As confirmed by polls released last month, a large majority of Iraqis believe that the American military is the main threat to their security and well-being. A poll conducted by the University of Maryland’s Program on International Policy Attitudes reported that 60 percent of Iraqis approve the attacks on US-led forces and almost 80 percent say the US military provokes more violence in Iraq than it prevents. The US State Department’s own poll, according to the Associated Press, found that two thirds of Iraqis in Baghdad favor an immediate withdrawal of US forces.

Gordon goes on to assert that “the sectarian violence would be far worse if not for the American efforts.” How does he know? The US occupation is the basic cause for the eruption of sectarian conflicts, and the US military has promoted these divisions in an effort to pit Iraqis against each other in line with the old colonialist strategy of “divide and rule.”

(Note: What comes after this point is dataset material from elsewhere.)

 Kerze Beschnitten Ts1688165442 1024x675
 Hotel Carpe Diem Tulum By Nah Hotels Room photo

Gordon’s article suggests that the Times favors a further increase in American troop strength in Iraq. He writes: “Keeping the Army’s Fourth Division in place in Baghdad instead of rotating it home when it is to be replaced by the First Calvalry Division would substantially increase the number of American troops in the city. There have been no indications that such an idea is under serious consideration.”

Maliki himself made clear what the Bush administration and the US military are demanding in an interview published October 16 in USA Today. The newspaper quoted him as saying: “We have told the Americans that we don’t mind targeting a Mahdi Army cell inside Sadr City. But the way the multinational forces are thinking of confronting this issue will destroy an entire neighborhood.”

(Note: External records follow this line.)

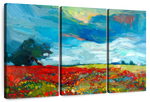 Landscape Nature Wall Art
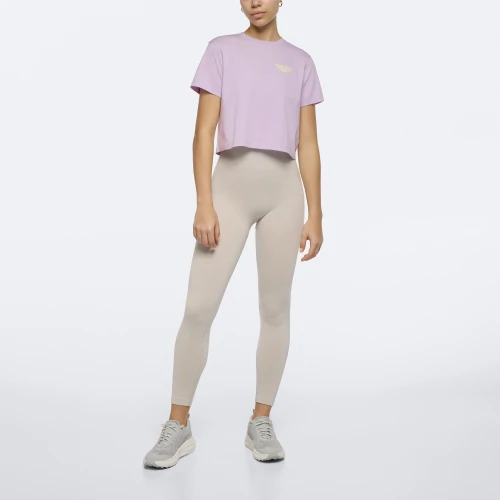 T-Shirt Crop PBSC (5)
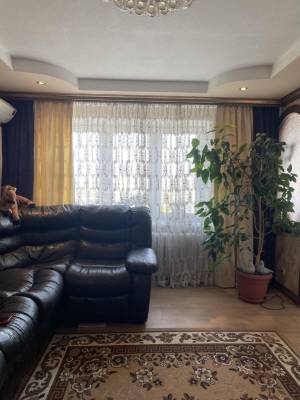 Квартира W-7448292, Шолом-Алейхема, 16, Киев - Фото 8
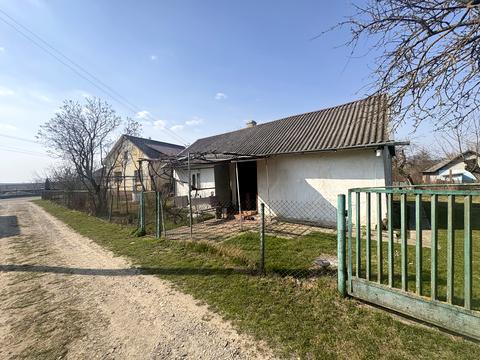 будинок за адресою Тараса Шевченка вул.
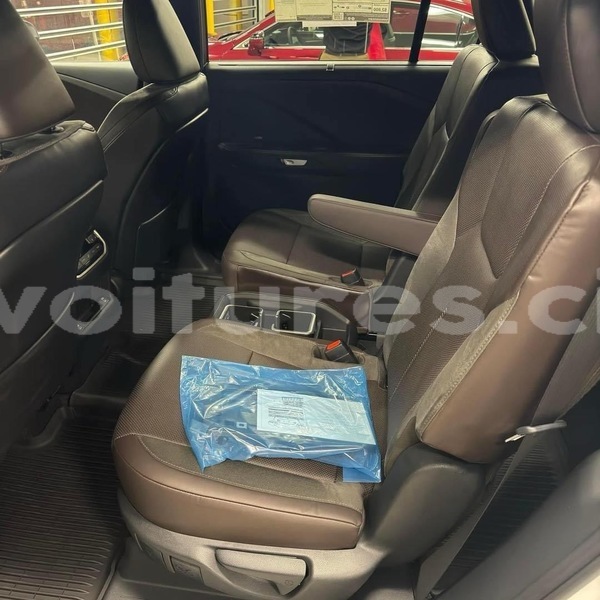 Big with watermark lexus ux ivory coast aboisso 61688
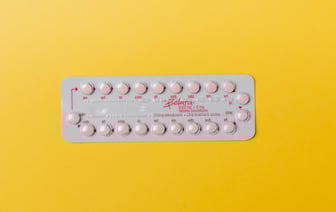 Минздрав Беларуси определился с графиком работы медработников в предстоящие праздники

There is a model for such actions. In November of 2004, the US “secured” the predominantly Sunni city of Fallujah by driving out or killing most of its population of 300,000 and leveling large swaths of buildings and homes. Much of the city was destroyed through an aerial bombardment, which was followed by “clear and hold” operations. When they were finished, Fallujah was transformed into a garrison city, subject to permanent conditions of martial law.

The Times is touting measures that are no different from the type of actions for which Saddam Hussein is presently on trial for his life. He is being tried as a war criminal for carrying out bloody assaults on civilian populations in pursuit of political aims. How is this in any way different from what the American military has already done and what it is preparing to do on an even bigger scale in the coming weeks and months? The Times cheers on the trial of Saddam Hussein even as it endorses even more bloody war crimes by the US.

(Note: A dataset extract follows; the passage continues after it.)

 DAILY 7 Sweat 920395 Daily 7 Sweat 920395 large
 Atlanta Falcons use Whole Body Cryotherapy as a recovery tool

Gordon’s column casts additional light on the newspaper’s decision to bury a Johns Hopkins University study released earlier this month that estimates 655,000 Iraqis have died as a result of the American invasion and occupation of the country. The virtual silence of the Times on this staggering and damning scientific study was not a casual editorial decision, but rather part and parcel of the newspaper’s support for an escalation of the killing.

The Times articulates in broad terms the outlook of the “liberal” establishment in general and the Democratic Party in particular. Gordon’s article makes clear that a Democratic victory in the November congressional elections, or even in the 2008 presidential race, will in no way signal a retreat from the Bush administration’s policies of militarism and war. The entire US political and media establishment is implicated in the war and committed to avoiding a defeat for US imperialism in Iraq, regardless the cost in Iraqi as well as American lives.